Short descriptive text snippets:
==*==

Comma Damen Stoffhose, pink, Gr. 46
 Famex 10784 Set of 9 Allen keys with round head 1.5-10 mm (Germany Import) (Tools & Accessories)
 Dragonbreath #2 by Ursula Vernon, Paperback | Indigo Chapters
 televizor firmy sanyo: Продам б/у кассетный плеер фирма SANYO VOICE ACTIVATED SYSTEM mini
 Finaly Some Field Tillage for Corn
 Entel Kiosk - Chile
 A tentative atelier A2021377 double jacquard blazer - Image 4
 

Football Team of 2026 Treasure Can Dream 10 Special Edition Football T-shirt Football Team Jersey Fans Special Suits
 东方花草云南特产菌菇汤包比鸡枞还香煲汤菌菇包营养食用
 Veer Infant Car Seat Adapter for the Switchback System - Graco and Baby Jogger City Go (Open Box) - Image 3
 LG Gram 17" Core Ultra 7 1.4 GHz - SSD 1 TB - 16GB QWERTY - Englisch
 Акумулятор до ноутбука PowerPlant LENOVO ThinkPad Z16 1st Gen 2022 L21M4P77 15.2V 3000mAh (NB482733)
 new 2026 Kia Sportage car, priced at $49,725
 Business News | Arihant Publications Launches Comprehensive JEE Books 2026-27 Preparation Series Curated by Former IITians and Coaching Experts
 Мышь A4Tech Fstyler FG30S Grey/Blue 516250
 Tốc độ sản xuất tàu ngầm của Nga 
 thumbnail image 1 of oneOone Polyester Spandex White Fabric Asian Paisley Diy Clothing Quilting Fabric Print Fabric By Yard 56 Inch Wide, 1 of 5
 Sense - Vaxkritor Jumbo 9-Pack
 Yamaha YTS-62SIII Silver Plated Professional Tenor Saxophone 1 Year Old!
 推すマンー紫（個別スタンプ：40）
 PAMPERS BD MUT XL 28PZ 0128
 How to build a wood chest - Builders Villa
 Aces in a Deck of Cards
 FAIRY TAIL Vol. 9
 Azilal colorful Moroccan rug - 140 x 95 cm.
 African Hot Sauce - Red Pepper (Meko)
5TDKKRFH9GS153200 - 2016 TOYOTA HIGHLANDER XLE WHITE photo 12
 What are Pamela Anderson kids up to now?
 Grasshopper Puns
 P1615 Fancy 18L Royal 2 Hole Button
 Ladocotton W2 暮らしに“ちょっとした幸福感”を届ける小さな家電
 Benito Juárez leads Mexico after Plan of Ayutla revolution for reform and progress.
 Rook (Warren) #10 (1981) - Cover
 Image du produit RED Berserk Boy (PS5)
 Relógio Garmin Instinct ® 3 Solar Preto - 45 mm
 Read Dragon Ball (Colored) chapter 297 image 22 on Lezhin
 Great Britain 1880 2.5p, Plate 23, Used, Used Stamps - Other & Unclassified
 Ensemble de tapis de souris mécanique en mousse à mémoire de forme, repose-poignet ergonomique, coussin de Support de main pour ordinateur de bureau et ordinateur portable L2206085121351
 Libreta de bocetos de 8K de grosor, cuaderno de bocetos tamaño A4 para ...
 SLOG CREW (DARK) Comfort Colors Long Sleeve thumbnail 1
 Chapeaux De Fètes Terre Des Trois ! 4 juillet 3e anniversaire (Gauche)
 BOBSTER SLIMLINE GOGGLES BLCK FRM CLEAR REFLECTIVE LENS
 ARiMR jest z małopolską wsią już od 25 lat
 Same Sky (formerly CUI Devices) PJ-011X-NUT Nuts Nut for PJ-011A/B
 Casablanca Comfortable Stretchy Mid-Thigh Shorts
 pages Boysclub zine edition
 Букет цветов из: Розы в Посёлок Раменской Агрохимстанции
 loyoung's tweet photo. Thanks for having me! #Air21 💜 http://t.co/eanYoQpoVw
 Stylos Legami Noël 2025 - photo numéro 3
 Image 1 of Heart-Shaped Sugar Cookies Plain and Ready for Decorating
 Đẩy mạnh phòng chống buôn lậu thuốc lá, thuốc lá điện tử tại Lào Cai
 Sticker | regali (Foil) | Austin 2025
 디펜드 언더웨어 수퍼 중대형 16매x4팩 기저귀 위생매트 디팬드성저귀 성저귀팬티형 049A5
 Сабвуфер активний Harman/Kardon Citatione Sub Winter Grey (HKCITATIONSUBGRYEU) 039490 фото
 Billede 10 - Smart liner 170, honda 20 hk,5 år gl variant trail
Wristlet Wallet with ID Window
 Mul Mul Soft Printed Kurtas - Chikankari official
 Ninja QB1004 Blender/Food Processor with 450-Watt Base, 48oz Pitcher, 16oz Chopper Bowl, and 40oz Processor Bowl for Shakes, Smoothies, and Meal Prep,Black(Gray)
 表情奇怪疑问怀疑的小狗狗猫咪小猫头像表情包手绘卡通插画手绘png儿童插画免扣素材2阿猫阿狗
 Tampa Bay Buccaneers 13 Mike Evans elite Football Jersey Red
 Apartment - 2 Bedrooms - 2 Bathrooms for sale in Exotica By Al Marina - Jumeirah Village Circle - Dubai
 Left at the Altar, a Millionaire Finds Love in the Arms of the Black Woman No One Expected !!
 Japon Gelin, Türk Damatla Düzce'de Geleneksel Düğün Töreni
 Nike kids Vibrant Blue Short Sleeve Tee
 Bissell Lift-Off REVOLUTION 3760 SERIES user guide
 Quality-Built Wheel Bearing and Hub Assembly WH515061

==*==

Using the entries above, repeat only the lines from the one containing "Grasshopper Puns" through the one containing "Ensemble de tapis", end lines included.

* _Response for this exercise_
 Grasshopper Puns
 P1615 Fancy 18L Royal 2 Hole Button
 Ladocotton W2 暮らしに“ちょっとした幸福感”を届ける小さな家電
 Benito Juárez leads Mexico after Plan of Ayutla revolution for reform and progress.
 Rook (Warren) #10 (1981) - Cover
 Image du produit RED Berserk Boy (PS5)
 Relógio Garmin Instinct ® 3 Solar Preto - 45 mm
 Read Dragon Ball (Colored) chapter 297 image 22 on Lezhin
 Great Britain 1880 2.5p, Plate 23, Used, Used Stamps - Other & Unclassified
 Ensemble de tapis de souris mécanique en mousse à mémoire de forme, repose-poignet ergonomique, coussin de Support de main pour ordinateur de bureau et ordinateur portable L2206085121351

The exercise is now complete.